まずは、後見的支援事業の目的について振り返ります

横浜市健康福祉局から「後見的支援事業業務運営指針」というガイドラインが発効されました。この中にはこの事業の存在意義について「地域とともに、本人の見守り体制を構築できること」ということで、以下のような記述があります。

さらに本制度の特色は、「地域住民が参画する仕組みにより、本人の見守り体制を構築できる」という点です。
後見的支援室の職員(あんしんマネジャー・担当職員・あんしんサポーター)による支援と併せ、地域住民が「あんしんキーパー」の役割を担い、緩やかに本人の日常生活を見守ります。

― 地域とともに、本人を支えるネットワークを作ることの意義 ―
地域住民とともに本人を見守る体制を構築することにより、支援機関や成年後見人による関わりだけでは実現困難な、きめ細やかな見守りを行うことが出来ます。また、あんしんキーパーをはじめとした、地域における人との関係づくりを進めることにより、本人が、地域住民と相互に支え合いながら生きていく力を育みます。さらに、地域の中で本人の意思が理解・尊重され、本人が自らの意思に基づいて、その人らしく生きることにつながっていきます。
— 「地域づくり」への発展 ―
このような取組を推進することで、地域の中で障害理解が促進されるとともに、人それぞれの価値観や多様性を認め合い、支え合うことのできる地域風土の醸成につながっていきます。こうした地域風土が、障害のある人の日常生活を見守っていく地域住民の拡大や、地域全体での包括的な見守り体制の構築につながります。

支援者だけがご本人のことを理解していても、ご本人らしい地域生活の継続は難しい。

ご本人のことを地域の人が知っていてくれる、理解してくれていると、何が良いのでしょうか。
ある地域の人は、ご本人が障害を抱えながらも、ご本人なりに一生懸命毎日を生きていることを知って応援したいと思ってくれるかもしれません。またある地域の方は、具体的なお手伝いや応援はできないけれど「そんな風に生きている人もいるんだ!」と障害のある方に対する眼差しがいままでと変わるかもしれません。
裏を返せば、障害のある方の生活や生き方、社会参加の難しさについて、ご存じの方はまだまだ少ないということになります。理解がある人が増えれば、自信を持って外出できるようになったり、自分のことを受け止めてくれる人が増えて、ご本人らしくその地域で元気に過ごせるようになるかもしれません。
障害のあるご本人が社会や地域の中で生活している以上、社会や地域との関係性を考えること無しに、ご本人の人生や生活は豊かにならないのではないか?というのが、上記ガイドラインの問題提起であると考えられます。
支援者とご本人との関係性だけで、ご本人の地域生活を安定した豊かなものにすることは非常に難しいことなのです。

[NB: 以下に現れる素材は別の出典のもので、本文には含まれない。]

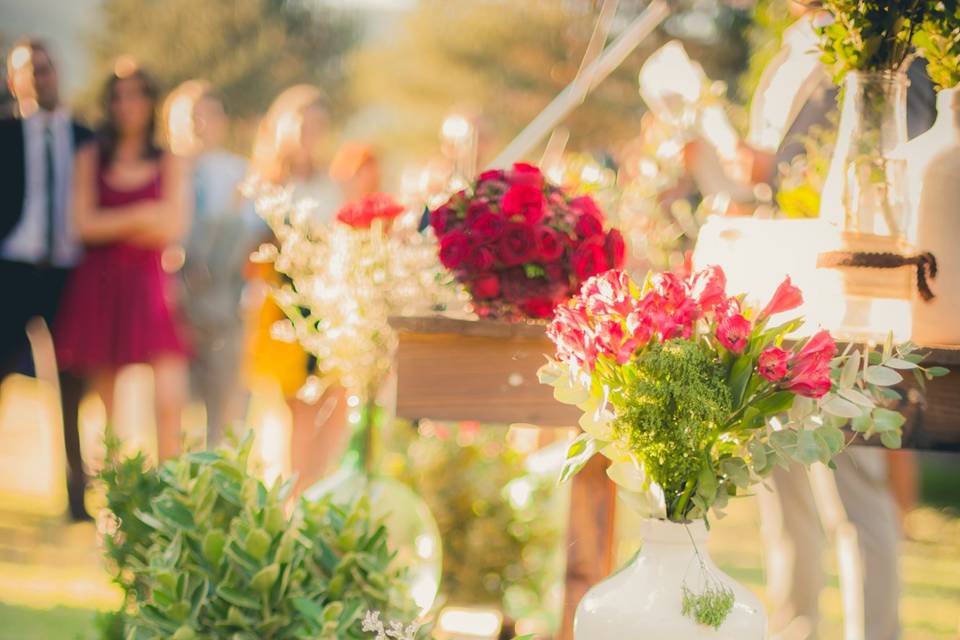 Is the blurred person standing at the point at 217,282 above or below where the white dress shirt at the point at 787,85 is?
Result: below

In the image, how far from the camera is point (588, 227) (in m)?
2.29

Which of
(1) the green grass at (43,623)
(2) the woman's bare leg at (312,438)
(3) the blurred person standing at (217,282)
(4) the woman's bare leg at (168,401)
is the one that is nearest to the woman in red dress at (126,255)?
(4) the woman's bare leg at (168,401)

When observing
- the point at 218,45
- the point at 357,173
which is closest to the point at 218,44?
the point at 218,45

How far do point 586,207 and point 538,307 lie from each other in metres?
0.23

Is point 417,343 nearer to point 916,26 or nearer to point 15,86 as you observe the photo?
point 916,26

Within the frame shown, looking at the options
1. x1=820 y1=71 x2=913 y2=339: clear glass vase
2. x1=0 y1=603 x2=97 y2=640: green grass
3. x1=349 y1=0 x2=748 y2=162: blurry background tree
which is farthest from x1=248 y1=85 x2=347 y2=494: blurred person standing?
x1=349 y1=0 x2=748 y2=162: blurry background tree

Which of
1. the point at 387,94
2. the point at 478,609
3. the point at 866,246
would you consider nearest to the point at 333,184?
the point at 478,609

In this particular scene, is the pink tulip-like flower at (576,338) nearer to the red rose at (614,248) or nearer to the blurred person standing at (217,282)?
the red rose at (614,248)

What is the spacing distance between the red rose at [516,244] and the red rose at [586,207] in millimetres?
135

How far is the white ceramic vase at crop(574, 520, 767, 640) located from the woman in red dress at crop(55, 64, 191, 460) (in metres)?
3.99

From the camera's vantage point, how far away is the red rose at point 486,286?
2.24 meters

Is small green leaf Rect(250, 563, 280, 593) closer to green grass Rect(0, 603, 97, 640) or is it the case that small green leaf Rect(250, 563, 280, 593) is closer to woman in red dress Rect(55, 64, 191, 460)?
green grass Rect(0, 603, 97, 640)

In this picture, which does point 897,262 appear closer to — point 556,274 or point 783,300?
point 783,300

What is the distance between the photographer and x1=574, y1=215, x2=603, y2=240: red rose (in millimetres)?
2285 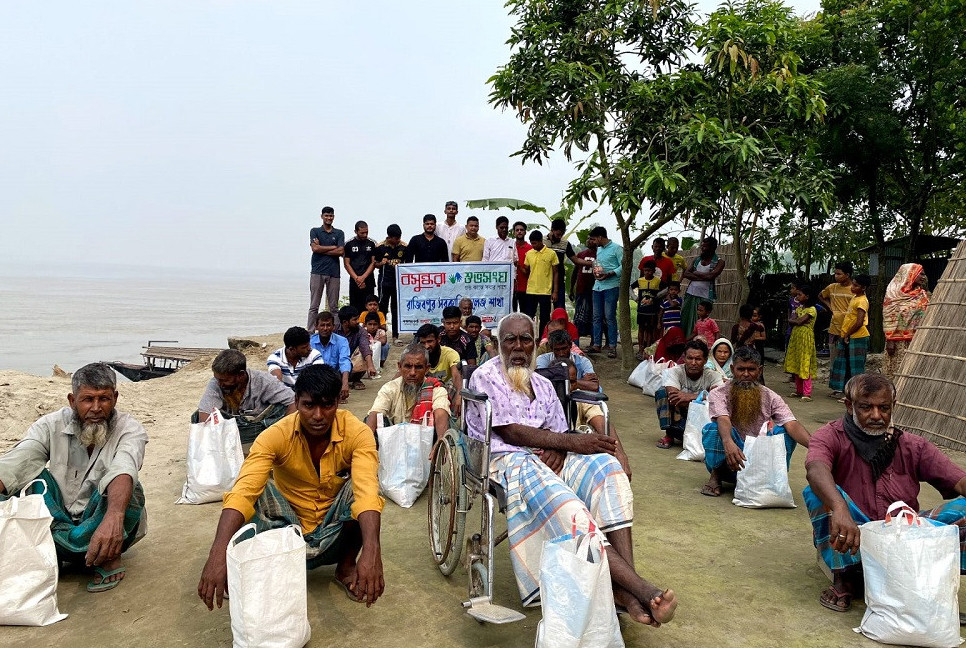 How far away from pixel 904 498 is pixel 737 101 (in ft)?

あんしんキーパーは「何かをしてくれる人」ではなく「存在自体に意味がある人」です。

「あんしんキーパーがつくことで何のメリットがあるんですか?」とたまに質問があります。この質問に対しては「あんしんキーパー(その人のことを知っていてくれる人)がいること、そのものがメリットです」ということになります。確かに、ご本人が困ったところに遭遇して、助けてくれるキーパーさんもいるかもしれませんが、あんしんキーパーには「助けてあげる人」という役割はありませんし、そこまでのお願いはしていません。
あんしんキーパーが増えることで「この地域には障害のある方を応援したいという気持ちを持った人がこれだけいるんだ!」と、そのこと自体が、当事者やそのご家族の不安な気持ちを軽くすることにつながるかもしれません。ですから「存在そのものに意味がある」のです。

まとめ

今回は、少しお堅い内容だったようにも思いますが、いかがでしたでしょうか。
後見的支援室ほっぷでは、理解者(あんしんキーパー)を増やすための様々な取り組みを行っています。
特に「あおばエール協力店」は、お店の方にあんしんキーパーになって頂くことで、「障害者を応援するお店」として、お店で暖かく見守ってくれる存在となるでしょう。
「グループホームに入ったよ」という方でも、ホームと通所先(就労先)の往復だけで終わる人はいないと思います。地域で生活する以上、必要なものを地域のお店で購入することや、外食をすることは誰しもあるでしょう。障害のある方でも安心して楽しく利用できるお店が身近にあったら、きっと素敵な青葉区生活が送れることと思います。そんな青葉区になるよう、少しずつ進んでいきたいと思います。